This article is centered on The Pretenders but it's nice nonetheless:

Chrissie Hynde is ‘Alone’ on new album, but sharing a tour with Stevie Nicks

Every once in a blue moon, stars align to align stars on an epic tour.

The 1986 True Confessions Tour with Bob Dylan and Tom Petty and the Heartbreakers, for instance. Or Billy Joel and Elton John in 2010.

Next week, it happens again: This time, the forces that be have given us Stevie Nicks and the Pretenders.

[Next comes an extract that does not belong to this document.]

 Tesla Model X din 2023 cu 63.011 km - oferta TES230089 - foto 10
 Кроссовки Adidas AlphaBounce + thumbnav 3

You can’t just pick up the phone and call a mate, and say, ‘Let’s go out next month’ — a whole constellation of things have to work,” said Chrissie Hynde, 65, longtime Pretenders frontwoman and face of the Rock and Roll Hall of Fame-inducted band.

The Akron, Ohio, native and poster girl for punk cofounded the band in London in 1978 with drummer Martin Chambers, the late Pete Farndon, and the late James Honeyman-Scott.

Hynde is the only original band member on the new Pretenders album, “Alone,” which dropped Oct. 21. Melding Hynde’s distinct smoky voice with a “Rubber Factory”-esque thump and gritty guitar by the Black Keys’ Dan Auerbach, who also produced the record, it has a vintage Pretenders sound while also borrowing a bit of the Black Keys’s pop-rock vibe.

Hynde and Chambers — along with guitarist James Walbourne, bassist Nick Wilkinson, and Eric Heywood on pedal steel — play with Nicks Nov. 15 at TD Garden. Hynde spoke to the Globe by phone from London, as the tour began.

Q. So the Pretenders have had quite a few incarnations over the years. You’re the only original Pretender on the new album, “Alone.”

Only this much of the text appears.